* Islamic loan arranged in 2011 for Indonesian unit expansion
* STC wants to restructure loan; banks unwilling to take haircut
* Indonesian arm in sale talks with Axiata - sources
* Business valued at $600-$800 mln, much lower than loan
By Dinesh Nair
DUBAI, Aug 12 (Reuters) - Lenders including Deutsche Bank, HSBC and China Development Bank are resisting calls by Saudi Telecom (STC) to restructure a loan that could potentially leave them with losses of up to $600 million, banking and industry sources said.
The tussle over the $1.2 billion loan highlights the risks banks face extending loans to state-owned companies in the Middle East, where billions of dollars of debt had to be renegotiated in the wake of the crisis. It also shows banks, facing tougher capital rules, are less willing to accept losses.
STC backed the Islamic loan for Axis Telekom, its Indonesian arm, in 2011. But Axis’ performance has deteriorated and the company is now in breach of some of the loan’s terms, four sources aware of the matter said.
STC, which owns 84 percent of Axis, has asked banks to restructure the debt to reflect its true value of between $600-$800 million. This means the banks face potential losses of up to $600 million on the loan, the sources said.
The lenders, led by Deutsche Bank, are refusing to take a loss and are considering alternatives to recover their money, the sources added.
“On the one hand, you have a big exposure that you cannot let go and on the other side, you have to be careful of your business relationships in the kingdom,” one Dubai-based banker said.
The impasse complicates STC’s plan to sell Axis Telekom to its rival, PT XL Axiata .
STC needs the consent of the creditor banks before it can sell the business.
STC declined to comment on the loan negotiations but in an emailed statement confirmed it was in talks to sell Axis as its financial performance has been poor. HSBC and Deutsche Bank declined to comment. Hasnul Suhaimi, CEO of XL Axiata declined to comment.

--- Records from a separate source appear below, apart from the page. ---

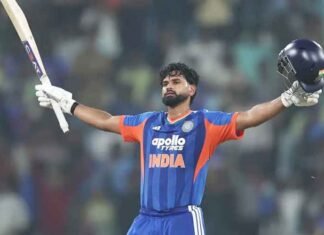 Shreyas Iyer Jumps 18 Places to Career-Best No. 7 in ICC T20I Batting Rankings Shreyas Iyer Cricket Century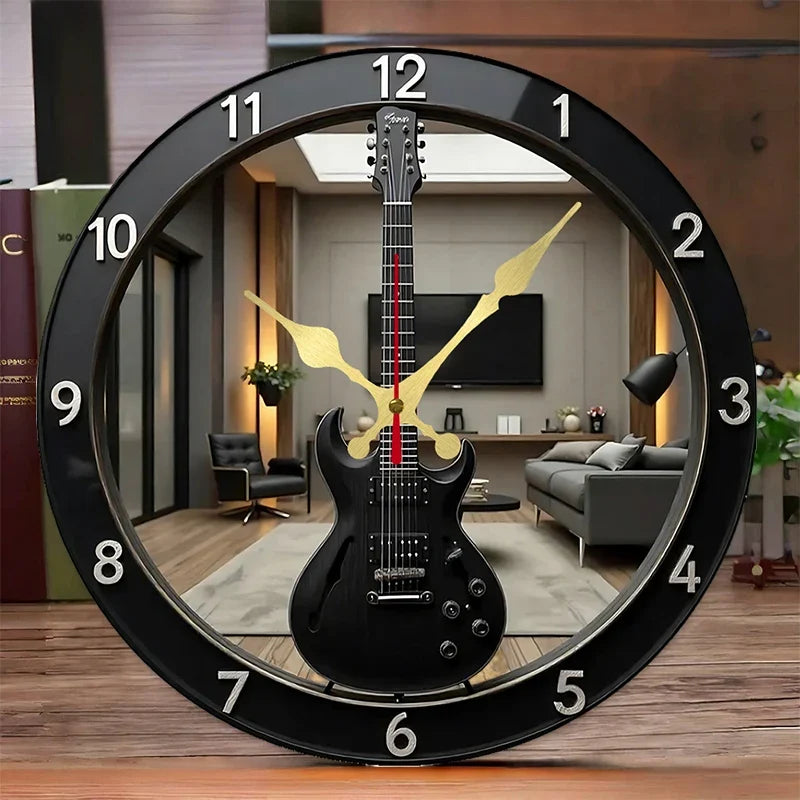 Horloge Murale Guitare Design Unique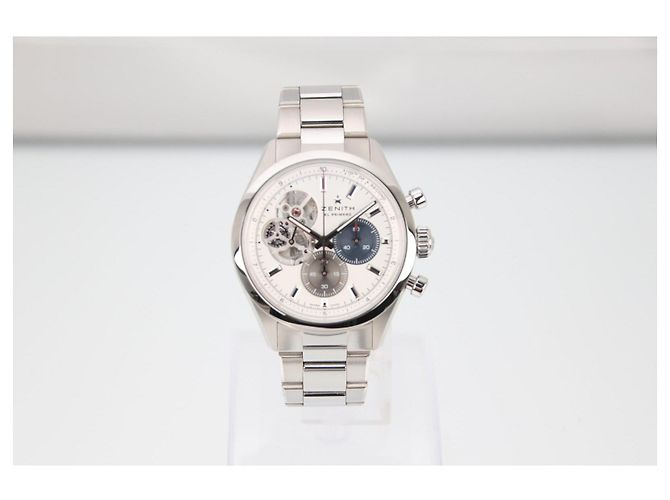 Zénith Zenith Chronomaster Open Automatico 39.5mm Quadrante Bianco Blu Grigio Silver hardware - vista 14
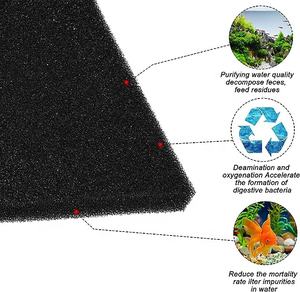 Mousse filtrante à air réticulée en polyéther polyuréthane et charbon <span class=keywords><strong>actif</strong></span> Wanfeng Modern 10-60 PPI pour aquarium - Product Image 2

A source with direct knowledge of the deal said the two companies are yet to agree on the valuation. STC is demanding $800 million to $1 billion for Axis, while Axiata wants to buy the STC arm for $500 million to $600 million.
The problems with the loan started about three months ago, when STC’s new management asked banks to restructure the loan.
STC has seen the resignation of its chief executive officer, and the departure of the heads of its international and domestic operations.
HSBC and Deutsche each have around $250 million exposure to the loan, while China Development Bank has about $350 million, according to two of the sources familiar with the loan discussions. China Development Bank was not available for comment.
Even a 10 percent haircut may result in losses of about $25 million each for HSBC and Deutsche, wiping off almost all the money they earned in fees from the region in the first half.
Deutsche was the top fee earner among investment banks in the Middle East for the first half of the year, earning $27.4 million in fees, followed by HSBC, with $24.4 million, according to Thomson Reuters data.
Among other banks, Citigroup Inc is said by two of the sources to have an exposure of less than $100 million. A spokesman for Citigroup in Dubai was not available for comment.
The Axis loan included a $450 million sharia-compliant murabaha facility arranged by Deutsche Bank and HSBC and underwritten by Deutsche Bank and HSBC’s Saudi affiliate . A murabaha is a cost-plus-profit arrangement.